E-invoicing in public procurement expected to save over HRK 2 bn

Photo /Vijesti/2018/06 lipanj/7 lipnja/100sjednica.jpg

The government on Thursday sent to parliament a bill on electronic invoices in public procurement to accelerate and automatise doing business and reduce its costs in the hope of saving over HRK 2 billion annually.

Due to the lack of a proper legal framework, many businesses have been using the paper and electronic systems, which has meant higher costs.

"With the establishment of an integral electronic public procurement system, we expect to save between 6% and 13%. Given the volume of public procurement, which amounts to HRK 44 billion, we predict to save more than HRK 2 billion, primarily in small procurement, which makes up almost 23% of the total volume," said Economy Minister Darko Horvat.

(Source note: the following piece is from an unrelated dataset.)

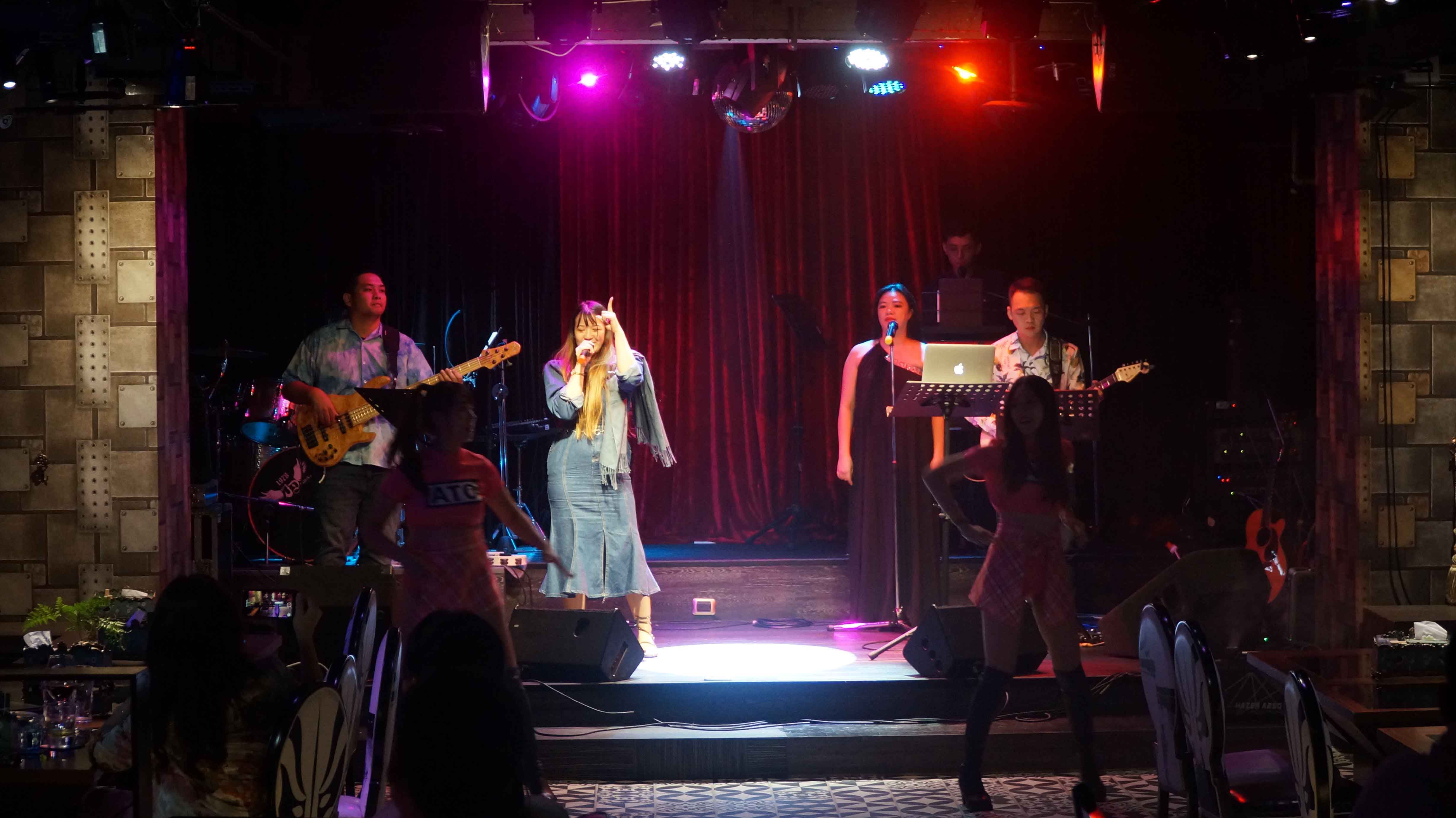 樂團表演 | 中國父Live House | MOCS樂團 2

The bill stipulates the obligation to accept e-invoices in public procurement as of 1 December 2018 and the obligation to issue them as of 1 July 2019, he said, adding that the European directive on e-invoicing in public procurement obliged the 5,000 subjects involved in public procurement in Croatia to accept electronic invoices in line with EU norms.

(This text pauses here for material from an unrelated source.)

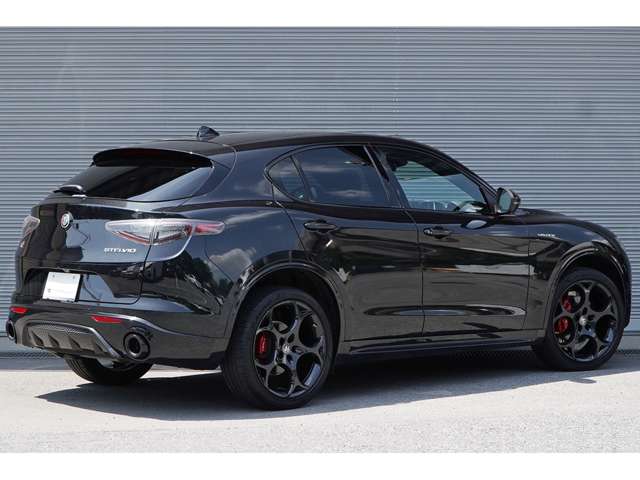 Alfa Romeo Stelvio 2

The new law will also apply to public procurement of goods and services worth less than HRK 200,000 which will significantly increase the volume of e-invoicing, said Horvat.

The Economy Ministry will set aside HRK 4 million over the next three years to implement the law. Electronic invoicing will reduce administrative costs, enable full transparency of the fiscal effect in public procurement, and facilitate tax control.

The government on Thursday sent to parliament a final bill  on municipal services.

The current law was adopted in 1995 and was amended 18 times, the state secretary at the Construction and Physical Planning Ministry, Danijel Mestric, said at a cabinet session.

The new law will establish a municipal services system aligned with laws on water supply and drainage, waste management, funeral service, concessions, physical planning and public procurement, he said.

The implementation of the new law will not require additional funds in the national or local government budgets.

A final bill regulating the management of archive materials and archives, that paves the way for the functioning of archives in the digital era, was put forward by the government to the parliament on Thursday.

We expect the provisions of this bill that make it possible for digital operations in the digital format to be stored in archives, which will considerably reduce the costs of doing business, Culture Minister Nina Obuljen Korzinek said.

She underscored the liberalisation of access to archival materials by this new law.

It is a crucial novelty whereby we make archival materials available as much as possible in comparison to previous procedures, the minister said.

The bill also envisages the elimination of the "thirty-year rule" under which, until now, archived  documents could be released publicly only thirty years after they were created.

Furthermore, materials which were created between 1945 and 30 May 1990 and stored in the archives will now be made available without restrictions, except when it comes to classified personal data.

The government also put forward to the parliament a bill on museums envisaging the strengthening of the role of the Museum Documentation Centre.

Also, a final bill on audiovisual  services was formulated by the government and it specifies more precisely the procedure for the selection of Croatian Audio Visual Centre (HAVC) members, their powers, and defines more clearly the funding of HAVC's operation, funding granted under the national programme for the development of audiovisual services and funding for the promotion of investment in the production of AV material.

To prevent possible conflicts of interest, the institution of a deputy member of the Audiovisual Council has been introduced.

Grants for shooting films in underdeveloped Croatian regions will be made available.